One way to capitalize on meal delivery services is to open so-called “ghost restaurants” within existing bricks-and-mortar kitchens. This strategy means that new restaurant brands and menus are created that operate exclusively in the virtual world, and they provide a way for owners to open new virtual outlets without having any added lease costs.
The Joseph Richard Group has been particularly aggressive on this front.
It launched what CEO Ryan Moreno told BIV was more than 90 virtual restaurants under seven new brands in one day in April.
The reason for so many locations per brand is that meal delivery apps, such as SkipTheDishes, DoorDash and Uber Eats, use global positioning systems and enable delivery within only a specific radius of the restaurants.
“So we would open the same seven brands in one restaurant, then in another restaurant and in another restaurant,” said Moreno, whose company operates 20 physical establishments, almost all of them in Lower Mainland suburbs.

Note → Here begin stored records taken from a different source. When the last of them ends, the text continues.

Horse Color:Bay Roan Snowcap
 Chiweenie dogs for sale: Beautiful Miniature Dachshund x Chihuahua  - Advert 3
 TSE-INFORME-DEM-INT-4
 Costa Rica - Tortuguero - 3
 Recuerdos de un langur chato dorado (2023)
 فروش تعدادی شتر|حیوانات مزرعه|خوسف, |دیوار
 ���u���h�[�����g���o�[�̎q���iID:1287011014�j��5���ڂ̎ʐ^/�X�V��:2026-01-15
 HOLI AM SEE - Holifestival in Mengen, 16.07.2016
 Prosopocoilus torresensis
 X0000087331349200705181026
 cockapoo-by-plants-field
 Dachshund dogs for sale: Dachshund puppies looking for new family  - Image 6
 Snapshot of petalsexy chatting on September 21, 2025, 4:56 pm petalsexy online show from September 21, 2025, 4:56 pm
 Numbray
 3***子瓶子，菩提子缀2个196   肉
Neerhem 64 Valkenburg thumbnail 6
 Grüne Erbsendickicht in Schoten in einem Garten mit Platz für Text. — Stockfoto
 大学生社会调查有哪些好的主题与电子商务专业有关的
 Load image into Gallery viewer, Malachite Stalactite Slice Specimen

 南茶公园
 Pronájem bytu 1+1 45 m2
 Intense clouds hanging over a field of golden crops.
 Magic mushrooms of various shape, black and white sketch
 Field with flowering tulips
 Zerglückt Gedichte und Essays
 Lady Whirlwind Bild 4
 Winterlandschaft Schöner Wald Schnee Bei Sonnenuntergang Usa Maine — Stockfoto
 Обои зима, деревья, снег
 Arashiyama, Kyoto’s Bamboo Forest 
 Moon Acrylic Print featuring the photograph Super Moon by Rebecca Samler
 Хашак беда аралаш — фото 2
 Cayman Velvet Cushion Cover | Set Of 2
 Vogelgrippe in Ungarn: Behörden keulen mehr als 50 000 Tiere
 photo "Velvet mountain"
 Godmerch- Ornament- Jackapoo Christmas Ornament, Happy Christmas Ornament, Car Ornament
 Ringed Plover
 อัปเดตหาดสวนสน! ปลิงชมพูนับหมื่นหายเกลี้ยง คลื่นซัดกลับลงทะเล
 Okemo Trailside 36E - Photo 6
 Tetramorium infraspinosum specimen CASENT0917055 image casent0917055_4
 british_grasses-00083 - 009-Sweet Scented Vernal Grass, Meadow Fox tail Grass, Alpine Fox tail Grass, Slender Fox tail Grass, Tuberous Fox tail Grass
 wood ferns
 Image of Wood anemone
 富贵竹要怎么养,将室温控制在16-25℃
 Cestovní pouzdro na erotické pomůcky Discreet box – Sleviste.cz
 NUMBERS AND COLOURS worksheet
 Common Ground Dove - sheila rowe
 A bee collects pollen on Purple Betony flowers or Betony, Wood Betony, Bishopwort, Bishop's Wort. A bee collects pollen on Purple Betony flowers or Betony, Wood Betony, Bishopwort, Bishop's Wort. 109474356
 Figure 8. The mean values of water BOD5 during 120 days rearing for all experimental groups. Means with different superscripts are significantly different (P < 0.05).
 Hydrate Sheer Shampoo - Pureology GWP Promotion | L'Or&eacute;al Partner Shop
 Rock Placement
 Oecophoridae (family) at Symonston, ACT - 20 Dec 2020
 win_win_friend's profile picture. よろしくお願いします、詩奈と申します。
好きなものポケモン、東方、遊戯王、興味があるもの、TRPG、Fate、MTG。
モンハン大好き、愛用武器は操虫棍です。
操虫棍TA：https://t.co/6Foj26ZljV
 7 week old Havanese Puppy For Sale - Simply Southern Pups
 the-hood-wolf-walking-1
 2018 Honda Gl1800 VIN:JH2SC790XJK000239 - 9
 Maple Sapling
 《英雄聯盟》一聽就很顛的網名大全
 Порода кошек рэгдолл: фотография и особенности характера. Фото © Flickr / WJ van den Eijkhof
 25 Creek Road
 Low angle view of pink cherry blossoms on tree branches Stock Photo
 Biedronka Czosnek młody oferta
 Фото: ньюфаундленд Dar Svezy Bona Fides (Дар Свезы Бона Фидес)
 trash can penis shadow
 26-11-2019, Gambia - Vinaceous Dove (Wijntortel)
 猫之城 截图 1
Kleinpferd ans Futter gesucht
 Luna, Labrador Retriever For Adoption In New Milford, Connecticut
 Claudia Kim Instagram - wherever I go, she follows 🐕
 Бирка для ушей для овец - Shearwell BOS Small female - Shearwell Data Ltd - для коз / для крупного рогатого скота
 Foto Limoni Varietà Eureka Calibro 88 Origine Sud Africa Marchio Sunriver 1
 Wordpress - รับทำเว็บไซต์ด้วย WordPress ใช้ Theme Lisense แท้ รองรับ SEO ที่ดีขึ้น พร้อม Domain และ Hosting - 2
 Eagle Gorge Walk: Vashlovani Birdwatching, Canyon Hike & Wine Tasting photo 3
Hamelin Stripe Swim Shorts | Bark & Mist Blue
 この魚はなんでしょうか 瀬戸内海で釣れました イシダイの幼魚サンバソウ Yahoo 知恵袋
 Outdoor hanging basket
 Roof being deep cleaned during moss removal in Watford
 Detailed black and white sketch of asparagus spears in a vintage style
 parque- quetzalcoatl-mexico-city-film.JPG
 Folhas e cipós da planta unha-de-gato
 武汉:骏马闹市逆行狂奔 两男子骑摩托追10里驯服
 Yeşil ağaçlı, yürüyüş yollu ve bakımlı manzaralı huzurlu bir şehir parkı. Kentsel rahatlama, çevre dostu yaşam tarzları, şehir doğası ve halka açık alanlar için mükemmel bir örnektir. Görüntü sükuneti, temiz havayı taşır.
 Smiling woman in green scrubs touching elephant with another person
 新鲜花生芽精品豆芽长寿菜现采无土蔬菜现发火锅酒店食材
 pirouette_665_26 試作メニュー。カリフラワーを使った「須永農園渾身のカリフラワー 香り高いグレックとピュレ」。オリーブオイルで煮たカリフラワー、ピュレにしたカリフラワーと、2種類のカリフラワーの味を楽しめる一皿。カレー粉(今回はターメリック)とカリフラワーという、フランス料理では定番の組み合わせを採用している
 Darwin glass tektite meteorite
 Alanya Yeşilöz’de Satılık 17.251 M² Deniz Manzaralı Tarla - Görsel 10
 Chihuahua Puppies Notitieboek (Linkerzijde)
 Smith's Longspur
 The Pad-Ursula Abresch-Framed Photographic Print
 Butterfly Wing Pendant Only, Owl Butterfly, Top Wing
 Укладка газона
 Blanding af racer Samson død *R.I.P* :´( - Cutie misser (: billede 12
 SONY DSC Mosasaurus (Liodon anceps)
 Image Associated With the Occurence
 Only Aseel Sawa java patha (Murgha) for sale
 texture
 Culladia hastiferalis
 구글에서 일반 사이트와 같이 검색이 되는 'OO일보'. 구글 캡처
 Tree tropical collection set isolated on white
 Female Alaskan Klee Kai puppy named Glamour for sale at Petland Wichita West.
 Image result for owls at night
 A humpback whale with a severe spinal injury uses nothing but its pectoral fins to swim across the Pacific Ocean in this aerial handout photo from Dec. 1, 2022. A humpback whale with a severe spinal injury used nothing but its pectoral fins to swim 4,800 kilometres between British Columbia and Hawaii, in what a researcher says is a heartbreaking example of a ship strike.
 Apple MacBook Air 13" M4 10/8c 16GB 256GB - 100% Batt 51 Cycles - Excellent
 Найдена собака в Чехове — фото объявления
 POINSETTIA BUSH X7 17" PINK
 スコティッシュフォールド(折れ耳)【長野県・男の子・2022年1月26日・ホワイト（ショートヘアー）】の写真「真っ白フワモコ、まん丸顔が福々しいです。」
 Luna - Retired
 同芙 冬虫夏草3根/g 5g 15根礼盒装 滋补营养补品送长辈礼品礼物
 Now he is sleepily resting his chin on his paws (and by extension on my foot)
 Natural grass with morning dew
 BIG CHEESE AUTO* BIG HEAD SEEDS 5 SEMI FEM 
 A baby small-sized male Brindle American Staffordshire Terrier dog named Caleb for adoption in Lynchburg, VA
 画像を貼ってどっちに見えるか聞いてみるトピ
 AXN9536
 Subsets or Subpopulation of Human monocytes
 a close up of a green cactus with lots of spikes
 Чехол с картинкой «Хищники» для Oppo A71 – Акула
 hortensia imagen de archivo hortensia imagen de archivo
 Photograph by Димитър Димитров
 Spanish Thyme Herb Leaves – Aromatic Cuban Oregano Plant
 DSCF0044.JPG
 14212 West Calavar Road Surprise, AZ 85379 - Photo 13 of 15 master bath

“There are probably about 12 [virtual] Obey Poke restaurants, 12 [virtual] Stak’d Sandwich restaurants, and so on.”
The biggest challenge is sheer complexity, with many of Moreno’s restaurant kitchens pumping out more than 100 menu items under his many brands.
His plan for the first year was to “work out all the kinks,” but kitchen operations have generally been smooth, and sales have exceeded his expectations even though most of his virtual restaurants are so far available only on the SkipTheDishes platform.
He is renovating four new restaurants and he just opened his first establishment in the city of Vancouver: the Stanley Park Brewing Restaurant and Brewpub, in the space that was formerly the Fish House in Stanley Park.
Moreno has yet to green-light his seven virtual brands for delivery out of his Stanley Park kitchen but when he does, within the next few months, it will open up new, valuable territory as he will be able to deliver throughout Vancouver’s dense West End and downtown areas.
“A couple of our restaurants we’ve started on DoorDash and Uber Eats, but we’re planning a big push in the next three to six months with those two of the major carriers,” Moreno said.
“SkipTheDishes is predominantly what we’re using because they have been in the suburbs a bit longer so they had a good market share.”
Moreno believes there will always be a need for physical restaurants, although the landscape will become more competitive.
“All of our costs have gone up – real estate has gone up, labour has gone up, cost of goods has gone up,” he said. “It will be harder to survive or be profitable for a lot of restaurants. Ghost kitchens will change the industry, and the industry will be very different in 10 or 20 years.”